In the records below, repeat word for word only the lines starting at the one that contains "I think having" and ending at the one that contains "Bring the toast", pictures excluded.

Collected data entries

- - -

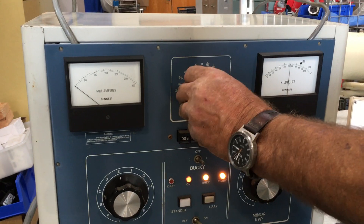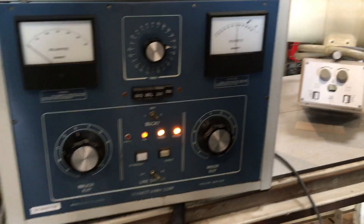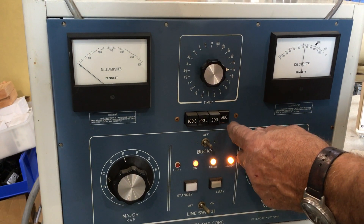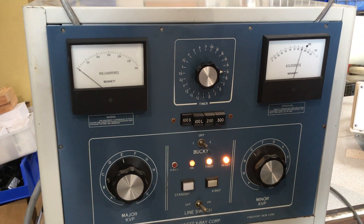This is your timer. Set it for whatever time you wish for the x-ray. This is how you determine where your MA is going to be. These are all large MA spots, and this is a small MA spot.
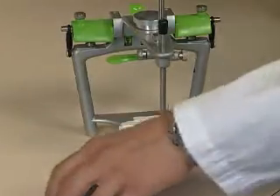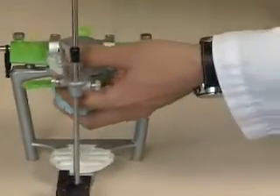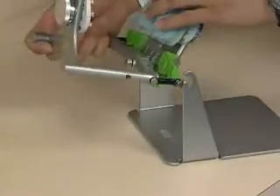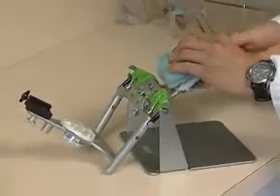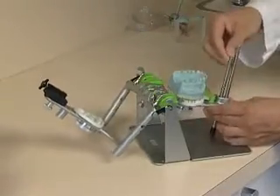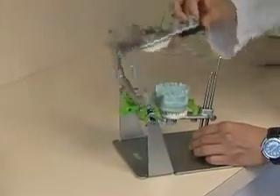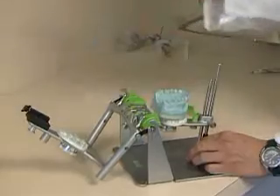Now we're going to get ready to mount the lower model. We'll put the upper model back on, then put the articulator into the mounting stand so the top of the articulator fits over the plate of the mounting stand. Now we'll determine the final length of the anterior pin when we put our wax bites on and our lower model, because we want the base of the lower model to be parallel to the floor.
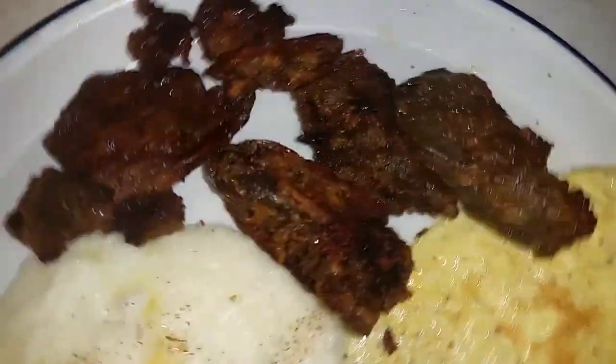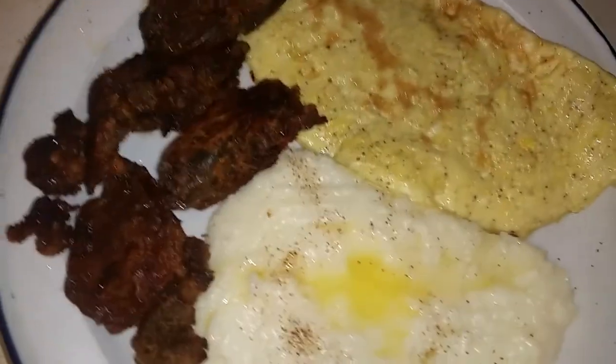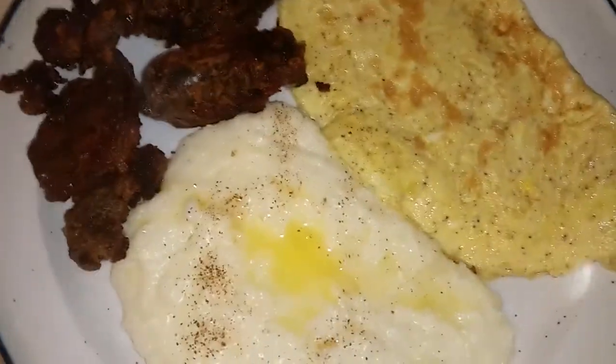I think having some onions would have really topped this off nicely, but just thankful for what we got.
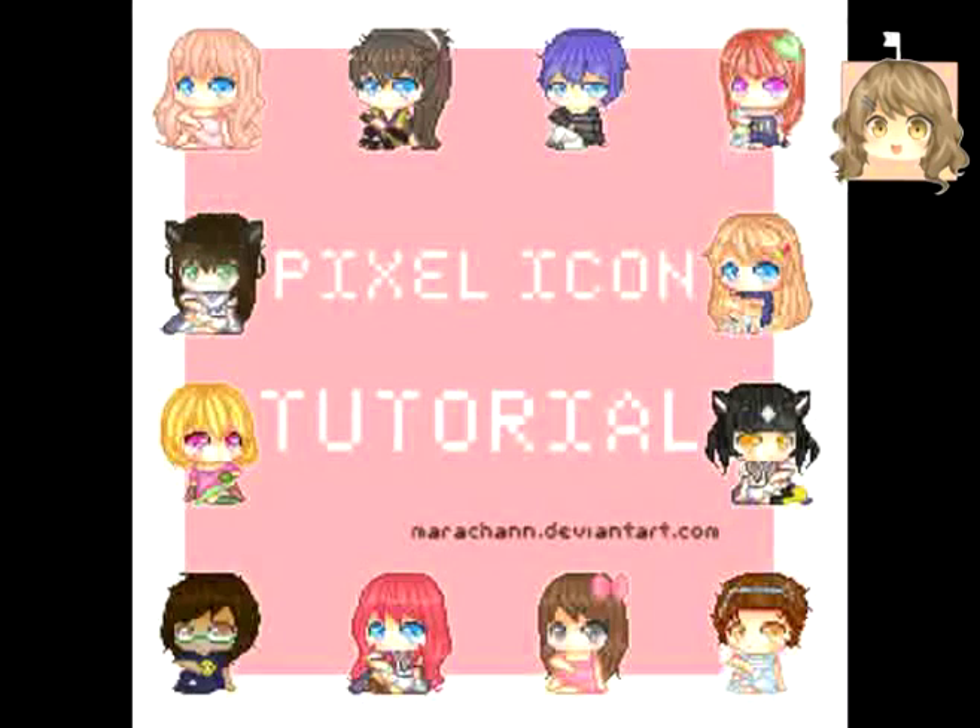I can't reach high notes! Hello and welcome to my tutorial of how to do a pixel icon. Some people told me about doing one a couple of months ago, so I'm here doing one.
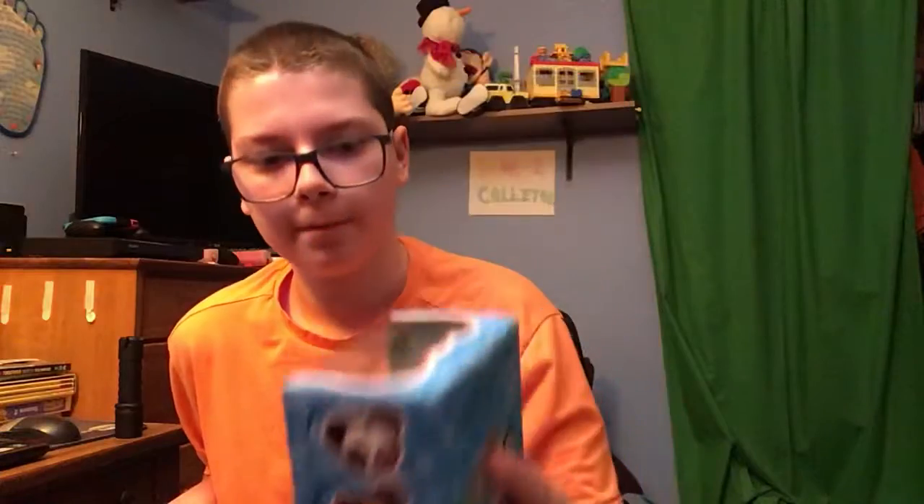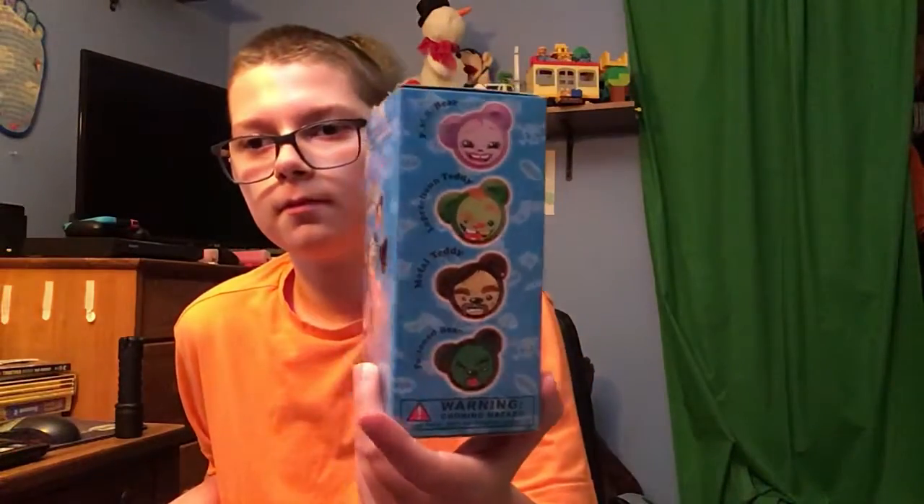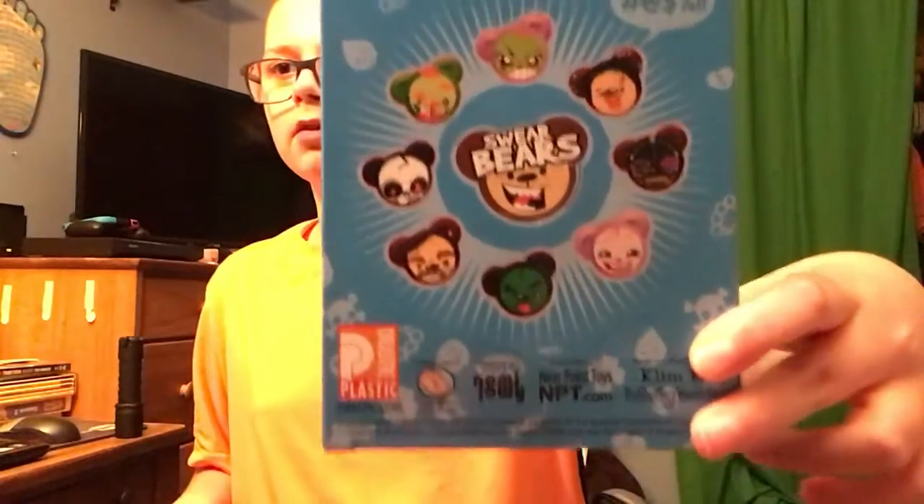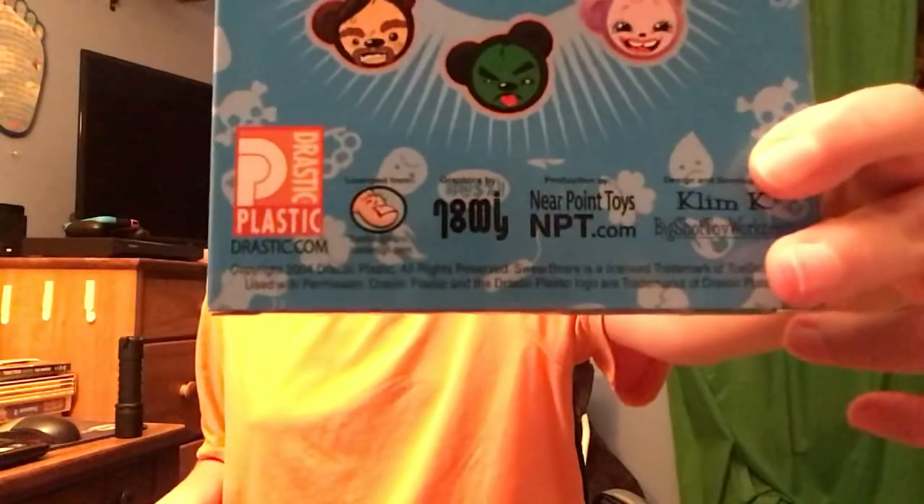Here's the side of the box and we got the other side of the box right here. Here's the back of the box too, which is kind of cool, and this toy was made in 2004. Here's the bottom of the box and I'll show you this again if you're having a hard time reading what it says.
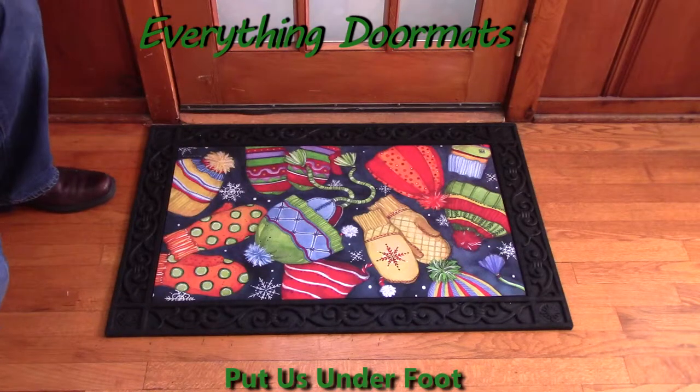Hi everybody, it's William, the owner of Everything Doormats here again, showing off some more mats for you today. Here we have another popular one from 2014. This is our Hats and Mittens Matmate Insert Doormat, featuring obviously hats and mittens. This is one of our favorite winter mats.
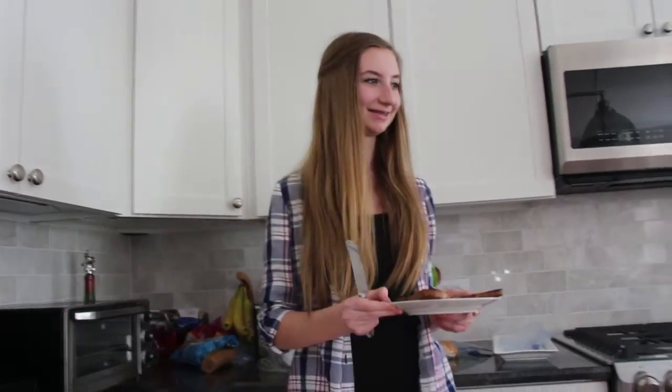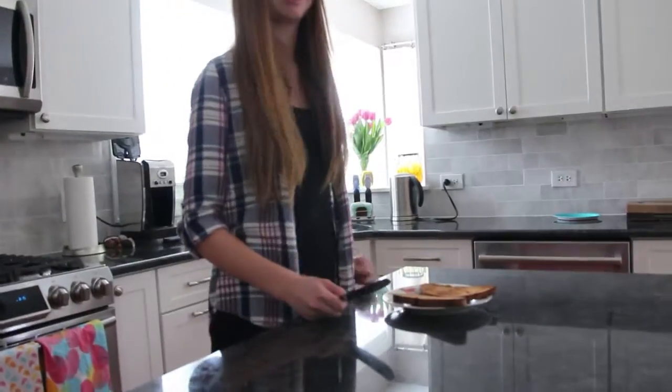Bring the toast back to the countertop. Get butter from the fridge.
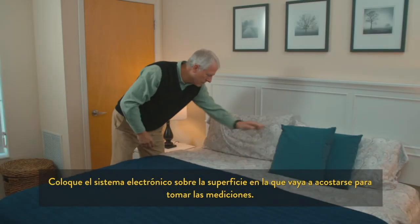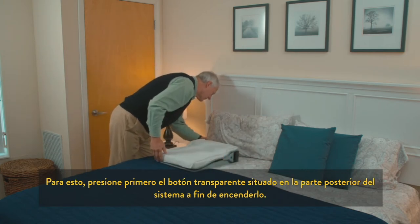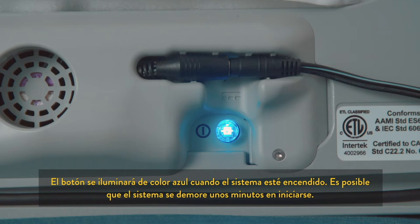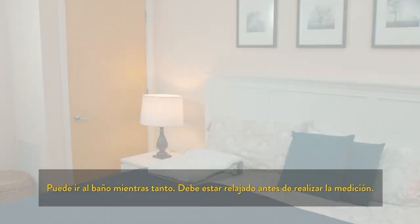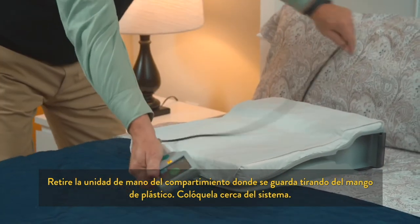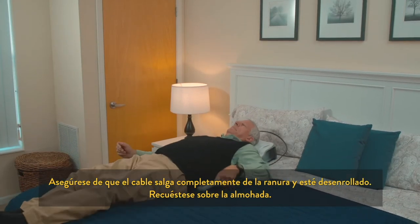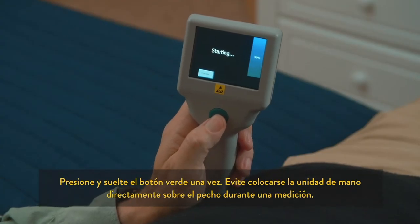Place the electronics system onto the surface where you will lie down to take your readings. To take a reading, begin by pressing the clear button on the back of your system to turn it on. The button will light up blue when the system is on. The system may take a few minutes to start. During this time, feel free to use the bathroom. You should be relaxed before taking your measurement. Remove the handheld unit from the storage cradle by the plastic handle and place it near the system. Make sure to completely unwind the cable from its groove. Lie down on the pillow. A large green circle that reads "Start" will appear on the screen of the handheld unit. Press and release the green button once.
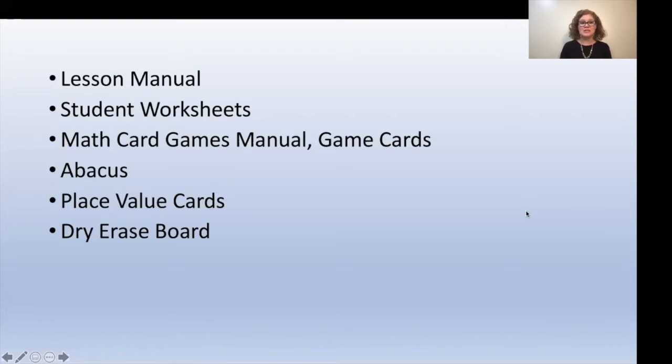This week you're going to need your lessons manual, the student worksheets book, the math card games manual and the game cards, the abacus, the place value cards, and your dry erase board.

- - -

Solution for this task
I think having some onions would have really topped this off nicely, but just thankful for what we got.
I can't reach high notes! Hello and welcome to my tutorial of how to do a pixel icon. Some people told me about doing one a couple of months ago, so I'm here doing one.
Here's the side of the box and we got the other side of the box right here. Here's the back of the box too, which is kind of cool, and this toy was made in 2004. Here's the bottom of the box and I'll show you this again if you're having a hard time reading what it says.
Hi everybody, it's William, the owner of Everything Doormats here again, showing off some more mats for you today. Here we have another popular one from 2014. This is our Hats and Mittens Matmate Insert Doormat, featuring obviously hats and mittens. This is one of our favorite winter mats.
Bring the toast back to the countertop. Get butter from the fridge.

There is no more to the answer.